Le Wagner d’avant Wagner enfin révélé

Rienzi

Par Julien Marion | lun 10 Juin 2013 | Imprimer
 
Le coffret The Wagner Collection, édité par Arthaus Musik permet de retrouver, à côté du Lohengrin viennois de 1990 et du Tannhäuser capté en 2008 à Baden-Baden, ce qui, sauf erreur, constitue à ce jour la seule et unique captation vidéo de Rienzi : en soi, c’est déjà un évènement.
On commencera par s’étonner de ce qu’il ait fallu attendre 2010, et la production du Deutsche Oper de Berlin, pour que Rienzi soit disponible en DVD.
Il faut être bien naïf pour croire, en dépit des efforts acharnés de ses descendants immédiats, que Wagner est né à la postérité avec Le Vaisseau Fantôme.

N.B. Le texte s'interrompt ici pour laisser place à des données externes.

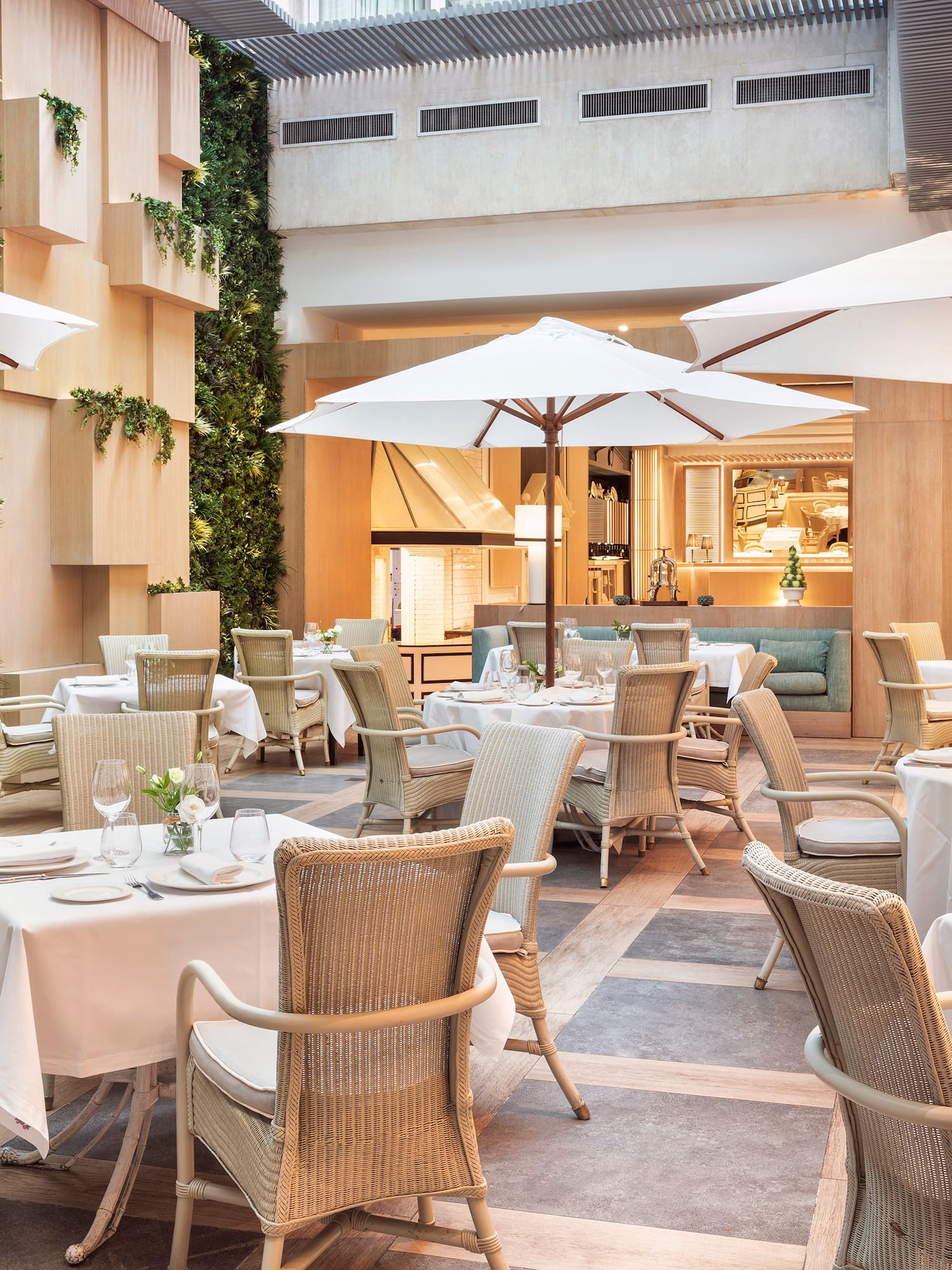 a restaurant with tables and chairs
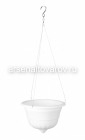 кашпо подвесное на тросе пластиковое 4,5 л 27*19 см белое Грация (М9134) (Башкирия)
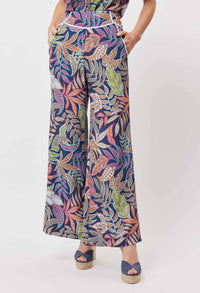 Panama Linen Wide Leg Pants - Fiesta Tropical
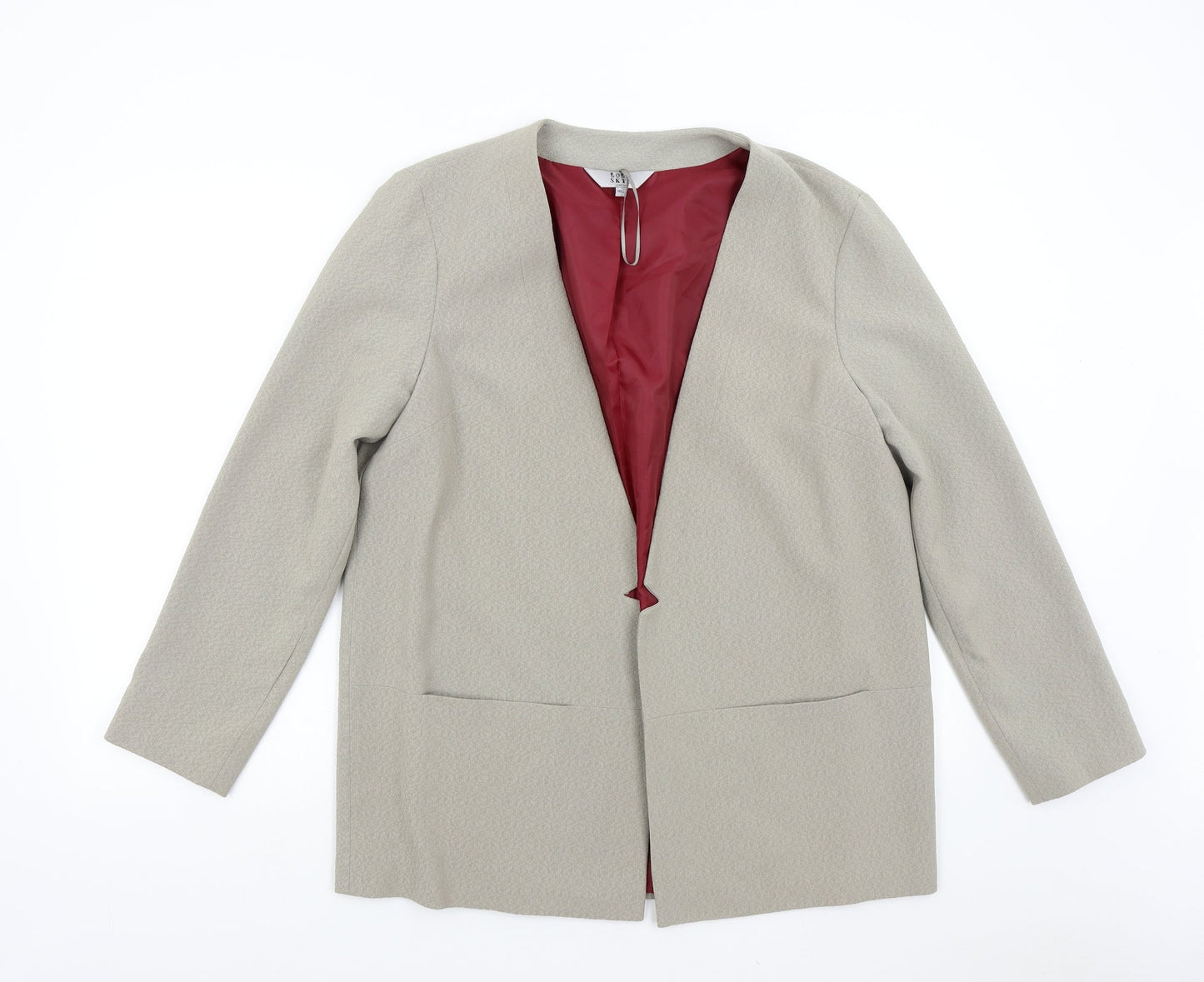 Lola Skye Womens Beige   Jacket Blazer Size 16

Et encore ! Ce dernier dût attendre 1901 pour être admis, du bout des lèvres, dans le Saint des Saints, et entrer au répertoire de Bayreuth. Depuis, il est de bon ton de jeter un voile pudique sur le « Wagner d’avant Wagner », de même que l’on préfère parfois, dans certaines familles, éviter de trop montrer l’adolescent boutonneux en pleine crise existentielle.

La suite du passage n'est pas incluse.